#### [DATA BELOW]

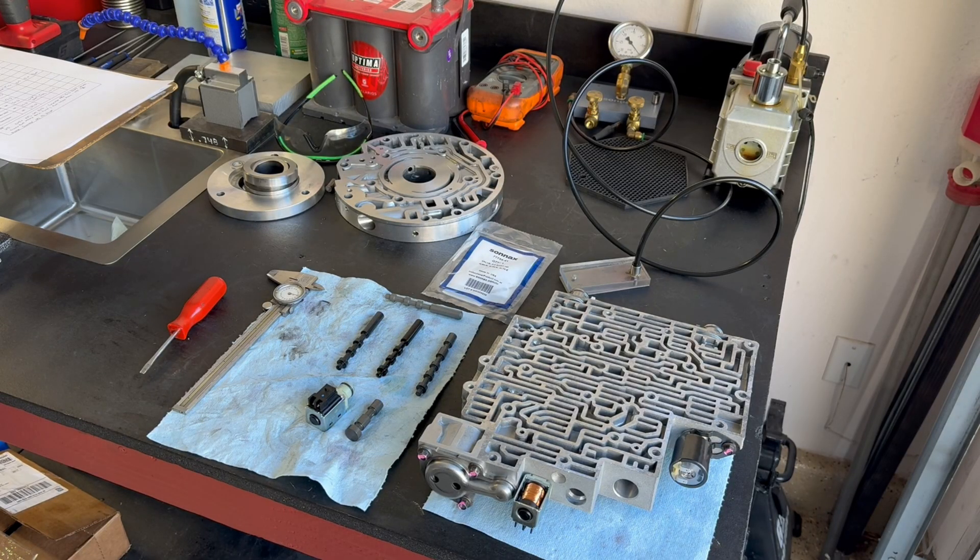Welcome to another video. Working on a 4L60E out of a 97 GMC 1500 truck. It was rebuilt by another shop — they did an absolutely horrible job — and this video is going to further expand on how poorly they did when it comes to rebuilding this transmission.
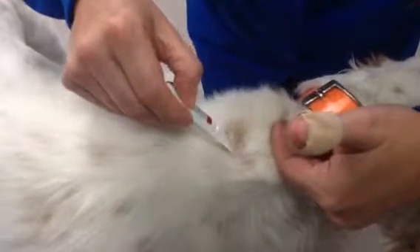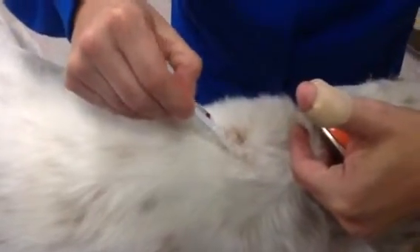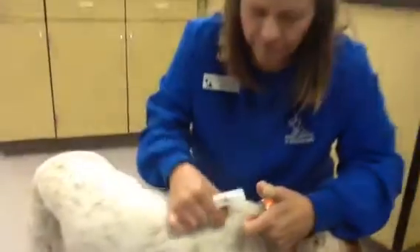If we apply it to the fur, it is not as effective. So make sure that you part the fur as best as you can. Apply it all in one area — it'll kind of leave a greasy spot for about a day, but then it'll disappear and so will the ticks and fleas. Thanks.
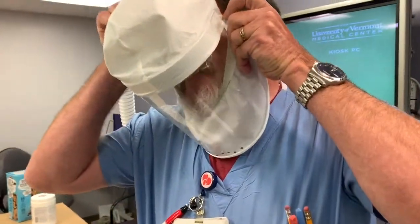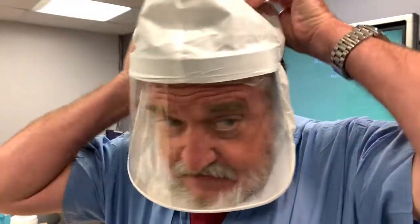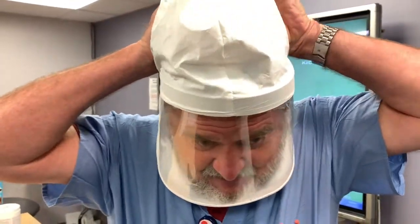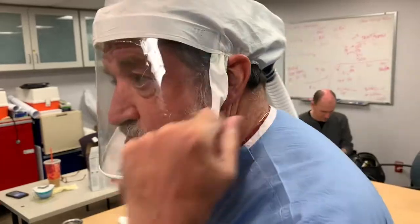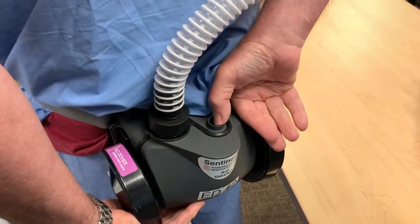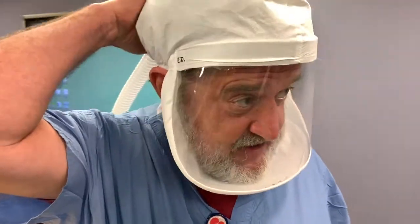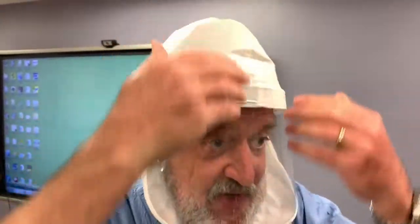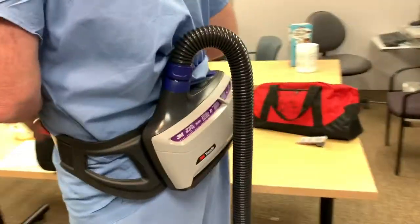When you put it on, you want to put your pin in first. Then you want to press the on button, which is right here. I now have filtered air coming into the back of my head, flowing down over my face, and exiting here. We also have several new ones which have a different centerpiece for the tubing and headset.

#### [YOUR INSTRUCTIONS]
Set down all of the material word for word, but keep each picture out.

#### [ANSWER TO THE PROBLEM]
Welcome to another video. Working on a 4L60E out of a 97 GMC 1500 truck. It was rebuilt by another shop — they did an absolutely horrible job — and this video is going to further expand on how poorly they did when it comes to rebuilding this transmission.
If we apply it to the fur, it is not as effective. So make sure that you part the fur as best as you can. Apply it all in one area — it'll kind of leave a greasy spot for about a day, but then it'll disappear and so will the ticks and fleas. Thanks.
When you put it on, you want to put your pin in first. Then you want to press the on button, which is right here. I now have filtered air coming into the back of my head, flowing down over my face, and exiting here. We also have several new ones which have a different centerpiece for the tubing and headset.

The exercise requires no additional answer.